YOUR ASSIGNMENT ▸
Skip every picture and copy only the lines from the one containing "Store trampoline" to the final line of the records below.
#### ENTRIES PROVIDED
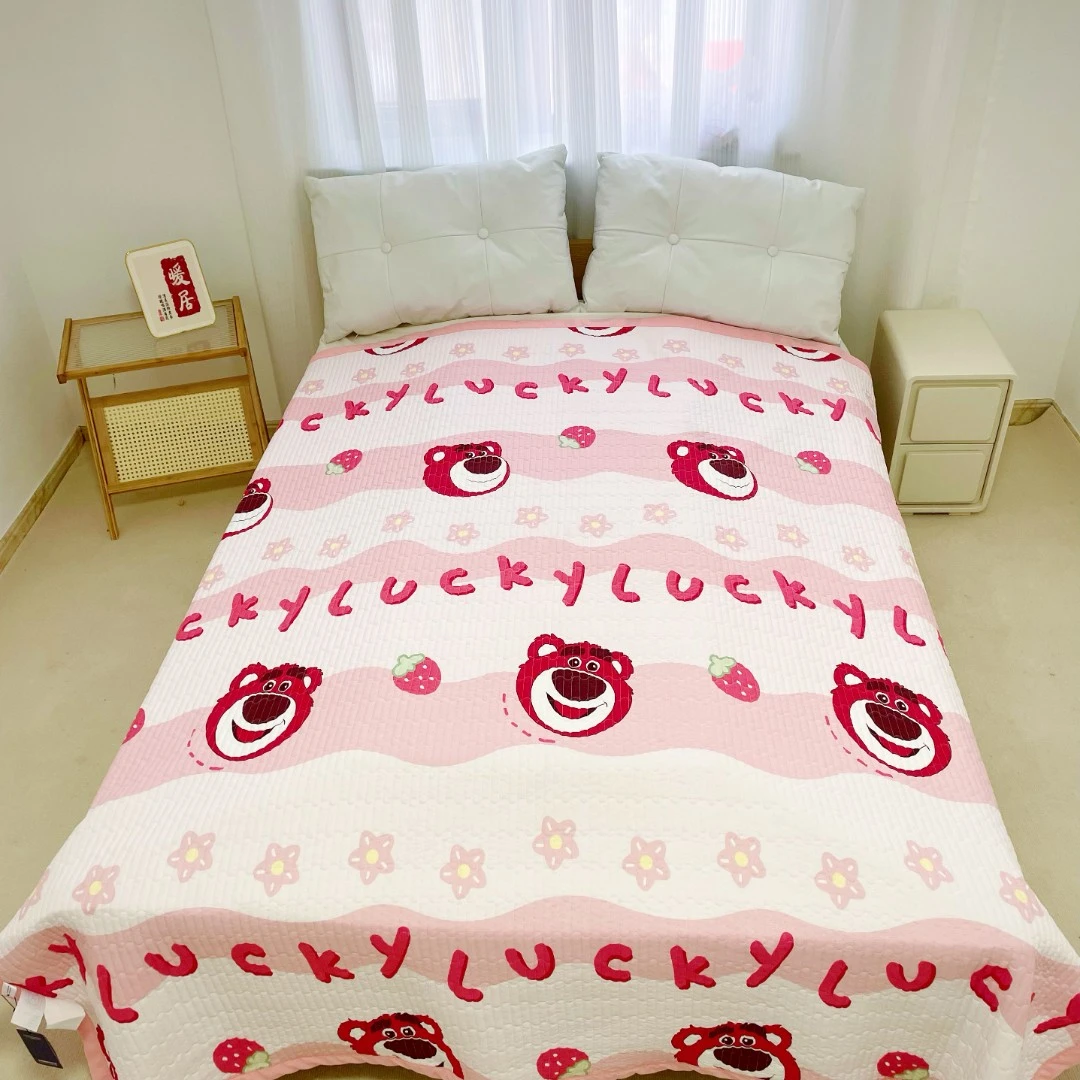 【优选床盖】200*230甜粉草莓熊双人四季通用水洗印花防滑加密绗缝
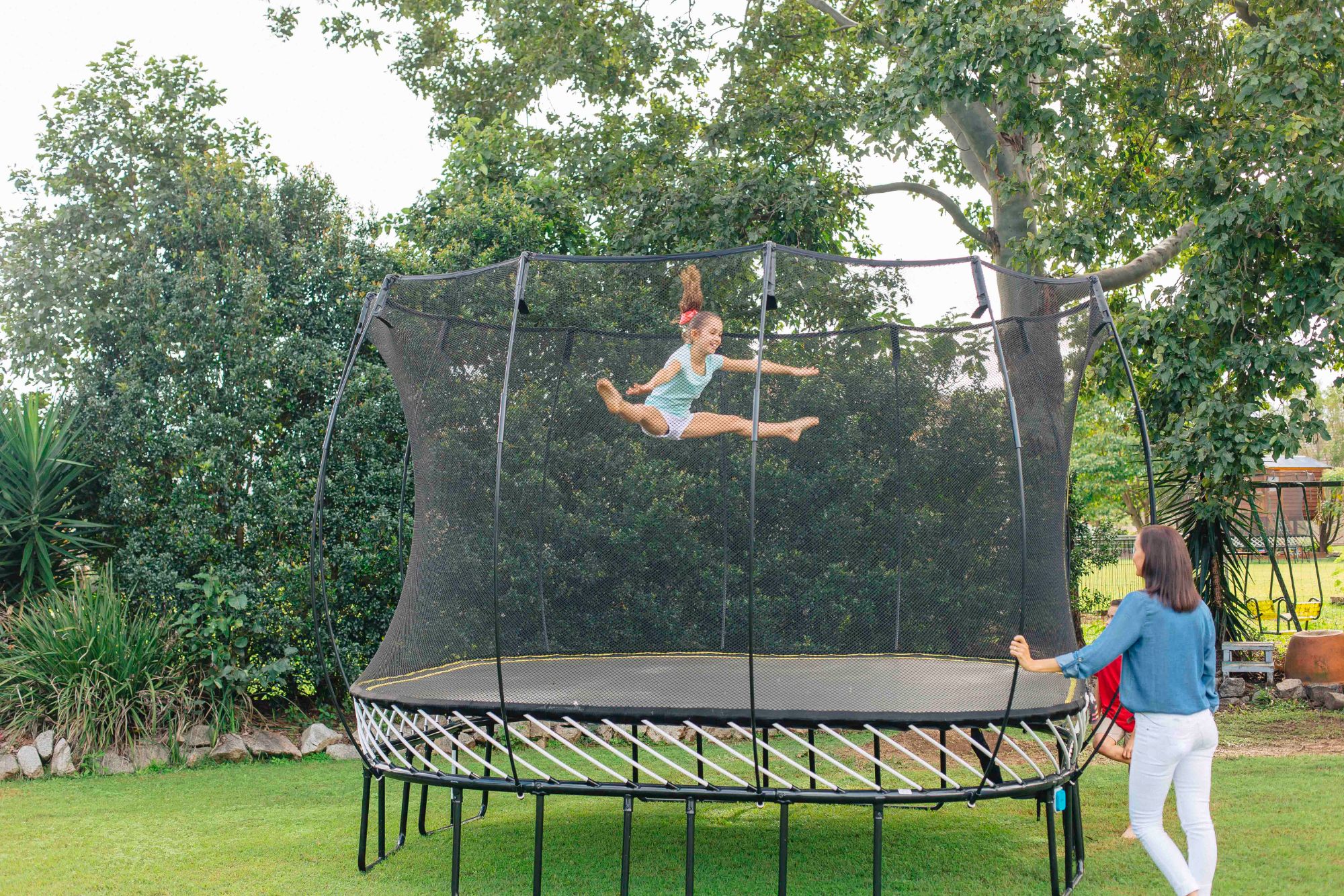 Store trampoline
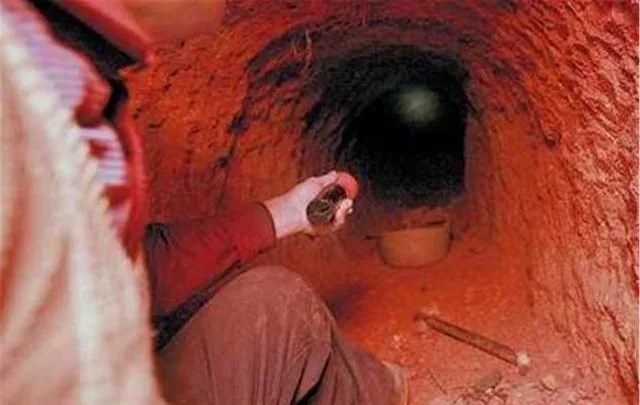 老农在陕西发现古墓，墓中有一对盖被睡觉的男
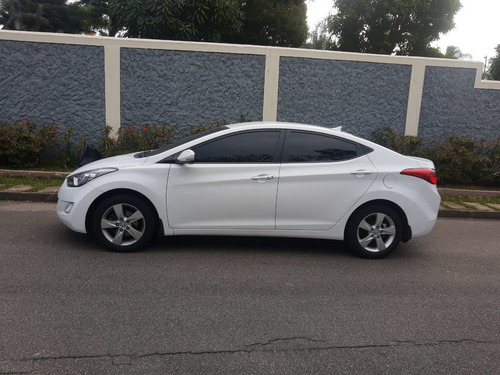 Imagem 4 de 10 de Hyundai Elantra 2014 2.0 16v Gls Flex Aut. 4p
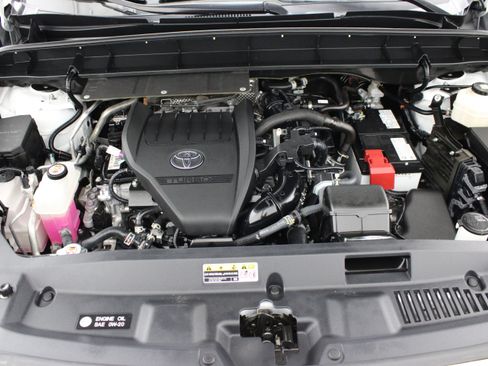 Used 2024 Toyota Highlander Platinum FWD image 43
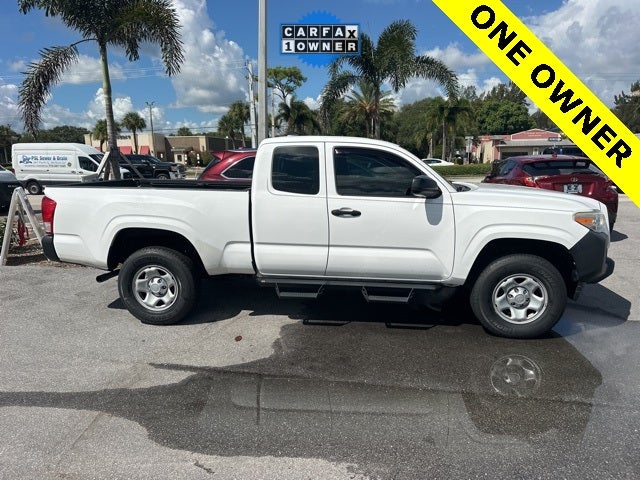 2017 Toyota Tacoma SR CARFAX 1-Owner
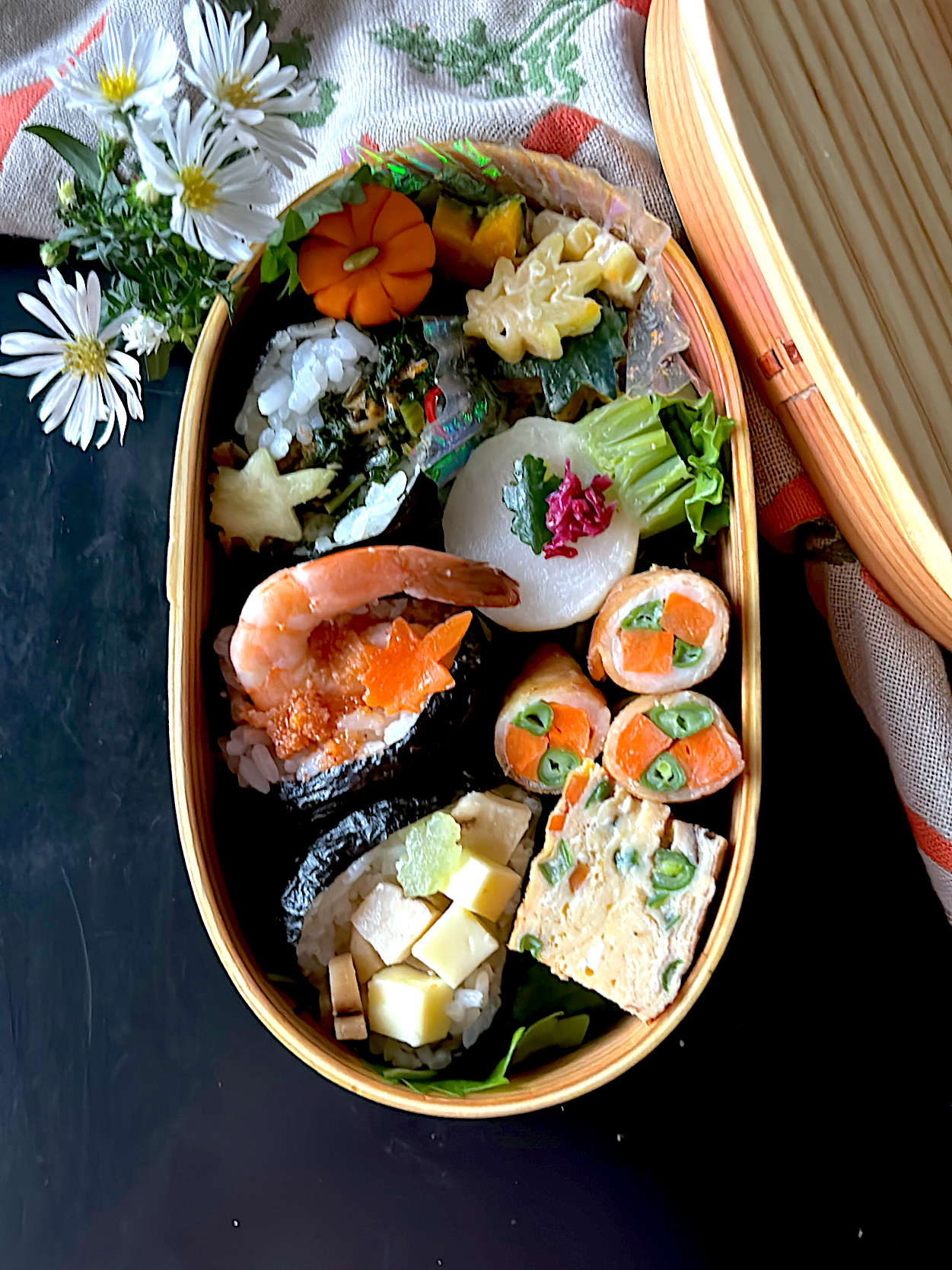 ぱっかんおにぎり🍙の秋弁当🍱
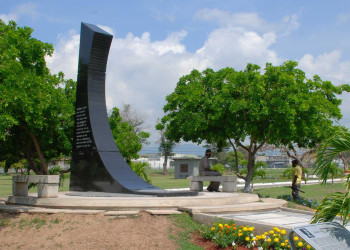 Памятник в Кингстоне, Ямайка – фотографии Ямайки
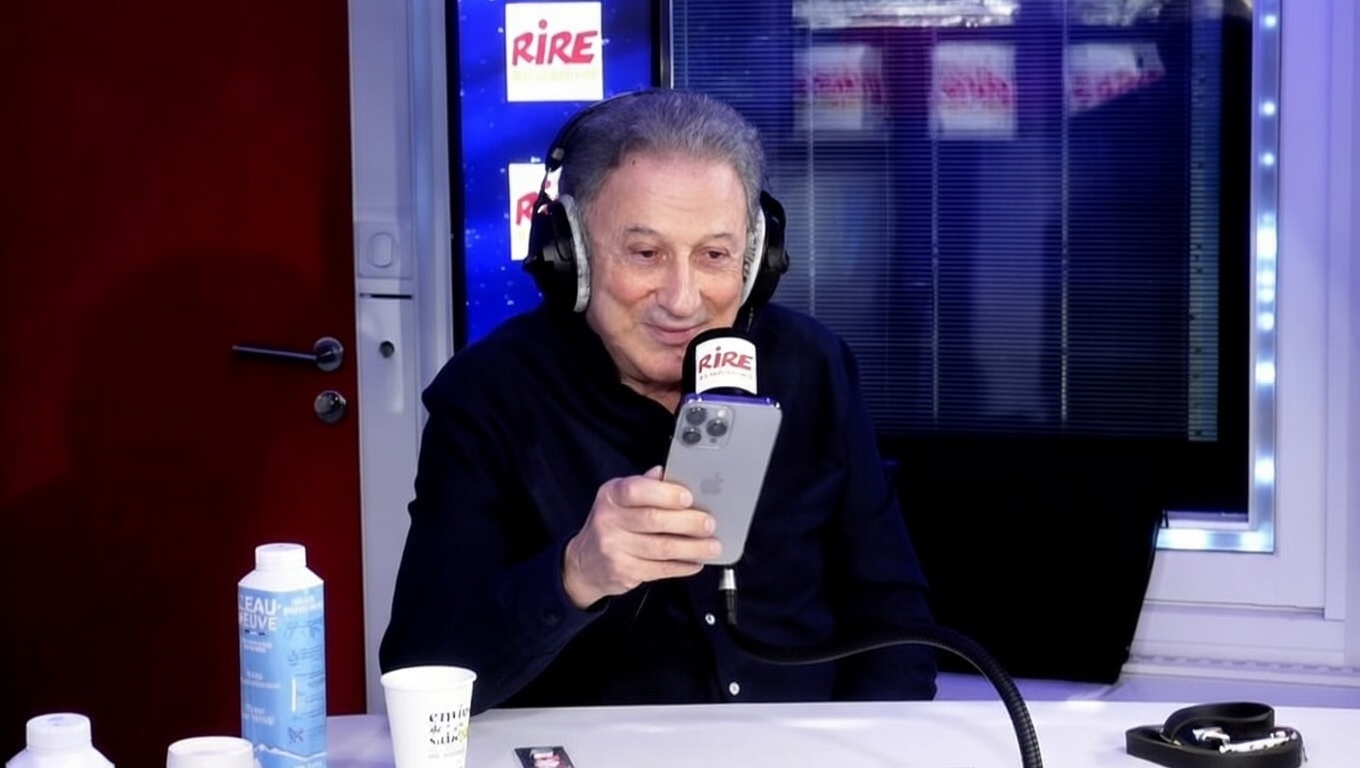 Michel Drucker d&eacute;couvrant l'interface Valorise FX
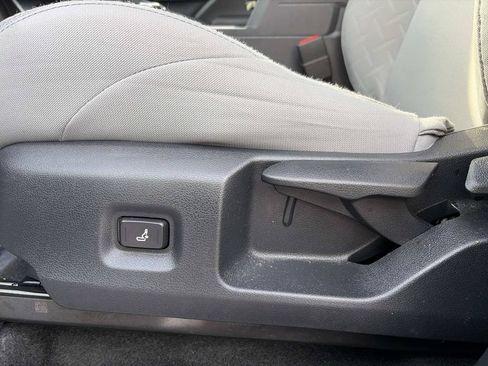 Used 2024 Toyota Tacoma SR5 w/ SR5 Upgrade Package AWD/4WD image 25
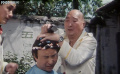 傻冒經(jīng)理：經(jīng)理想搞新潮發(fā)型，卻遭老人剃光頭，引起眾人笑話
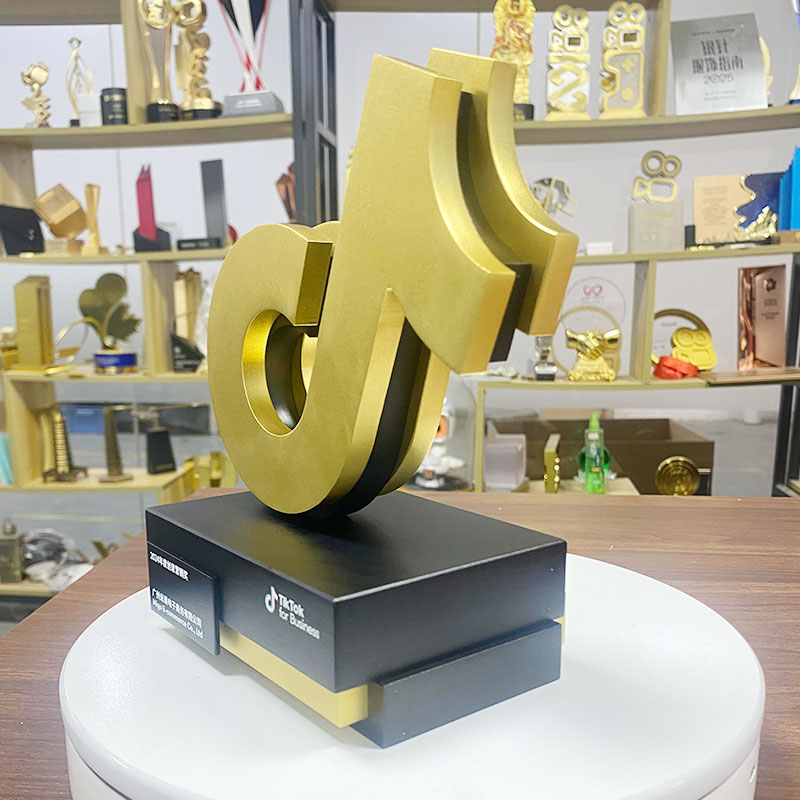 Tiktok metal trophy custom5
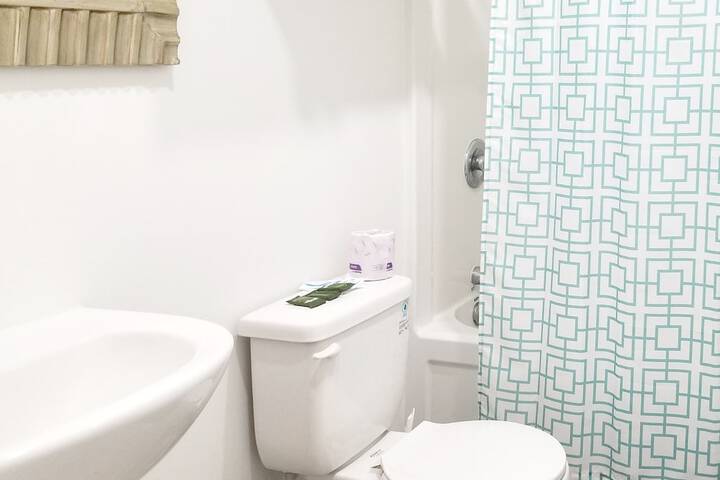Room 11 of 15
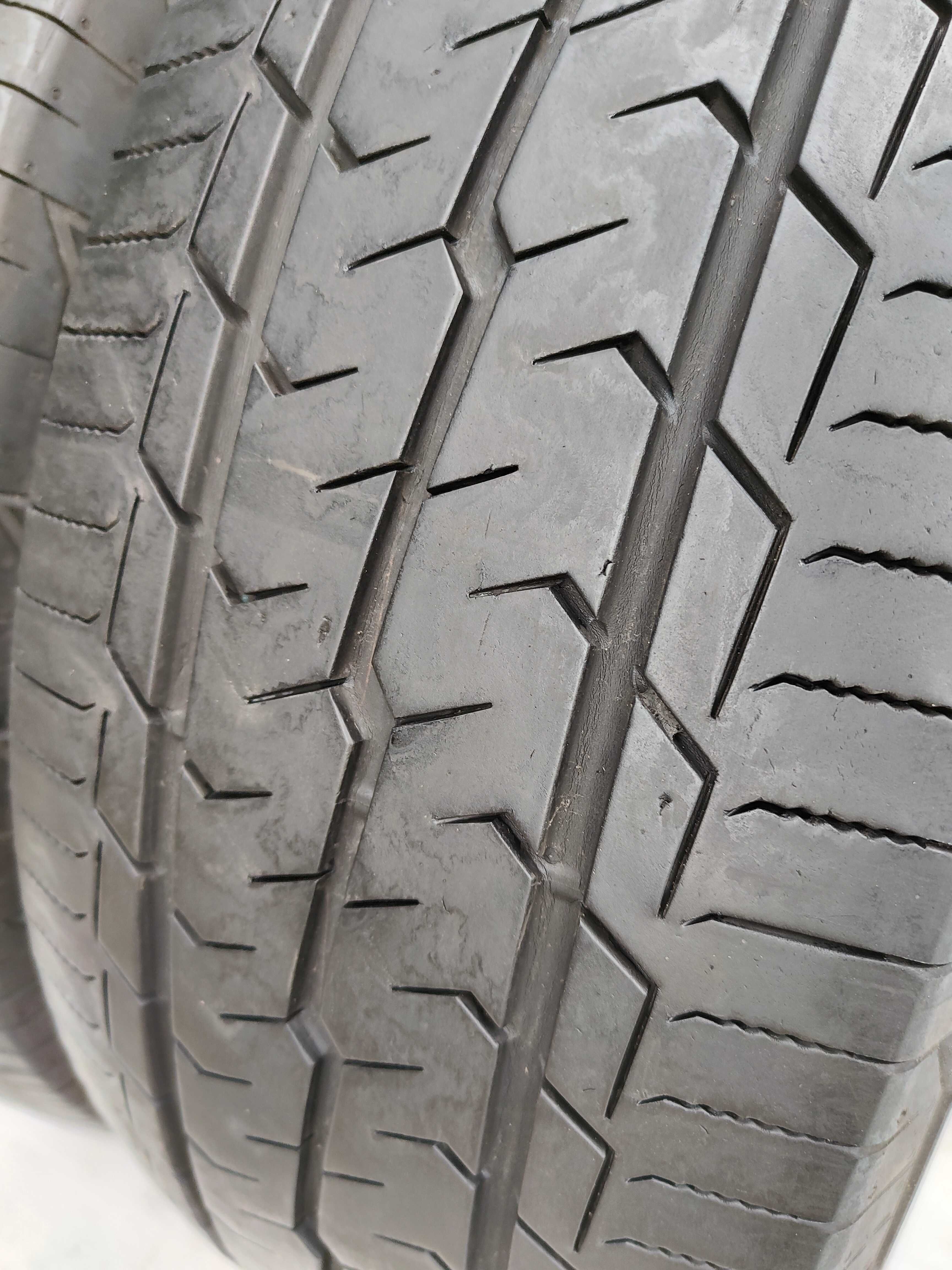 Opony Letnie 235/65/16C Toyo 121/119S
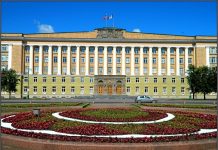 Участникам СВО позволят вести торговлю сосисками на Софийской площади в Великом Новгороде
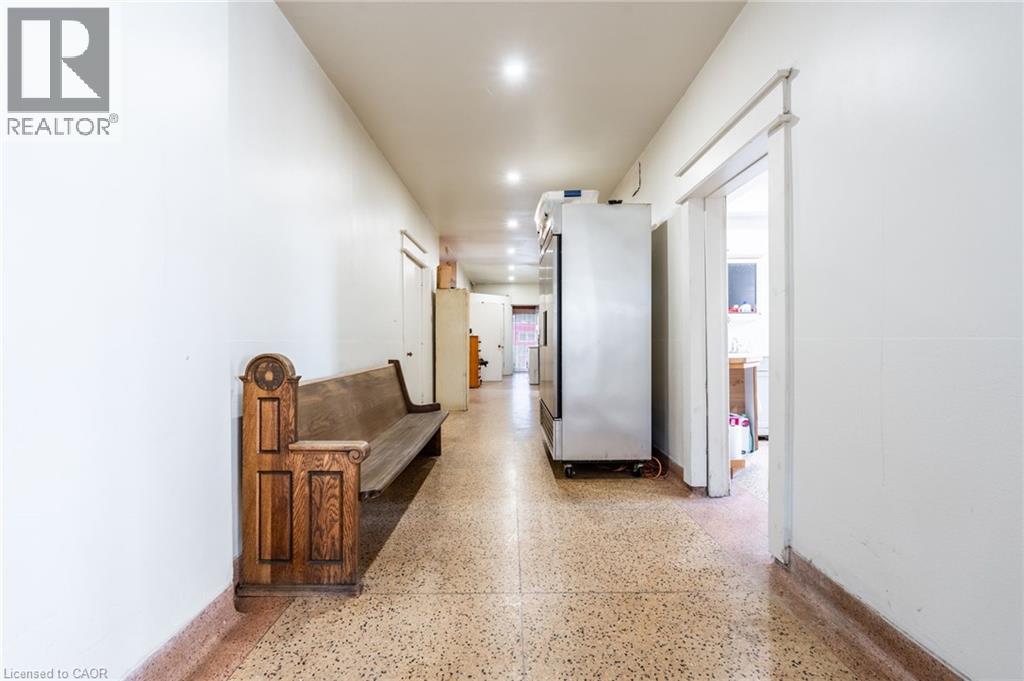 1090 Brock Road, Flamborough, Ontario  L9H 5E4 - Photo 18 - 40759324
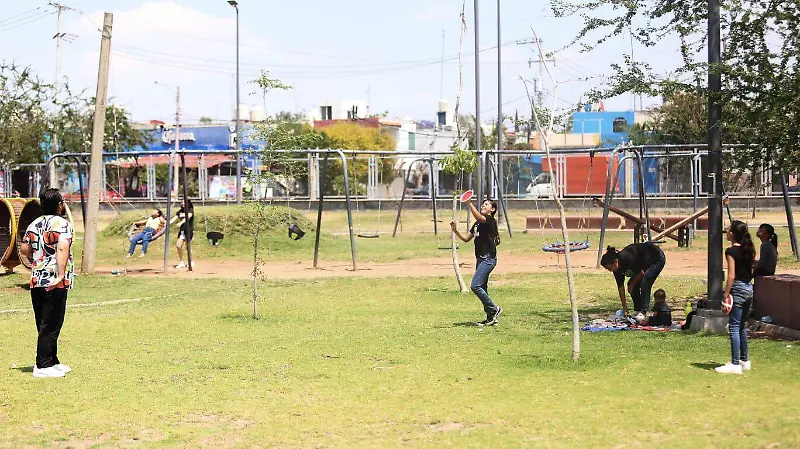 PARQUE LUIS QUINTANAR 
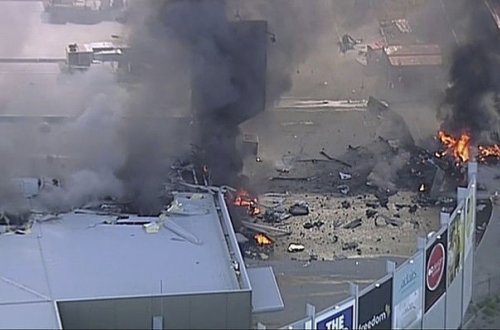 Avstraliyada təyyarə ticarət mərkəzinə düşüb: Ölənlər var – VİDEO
########
REPLY TO THE TASK ▸
 Store trampoline
 老农在陕西发现古墓，墓中有一对盖被睡觉的男
 Imagem 4 de 10 de Hyundai Elantra 2014 2.0 16v Gls Flex Aut. 4p
 Used 2024 Toyota Highlander Platinum FWD image 43
 2017 Toyota Tacoma SR CARFAX 1-Owner
 ぱっかんおにぎり🍙の秋弁当🍱
 Памятник в Кингстоне, Ямайка – фотографии Ямайки
 Michel Drucker d&eacute;couvrant l'interface Valorise FX
 Used 2024 Toyota Tacoma SR5 w/ SR5 Upgrade Package AWD/4WD image 25
 傻冒經(jīng)理：經(jīng)理想搞新潮發(fā)型，卻遭老人剃光頭，引起眾人笑話
 Tiktok metal trophy custom5
Room 11 of 15
 Opony Letnie 235/65/16C Toyo 121/119S
 Участникам СВО позволят вести торговлю сосисками на Софийской площади в Великом Новгороде
 1090 Brock Road, Flamborough, Ontario  L9H 5E4 - Photo 18 - 40759324
 PARQUE LUIS QUINTANAR 
 Avstraliyada təyyarə ticarət mərkəzinə düşüb: Ölənlər var – VİDEO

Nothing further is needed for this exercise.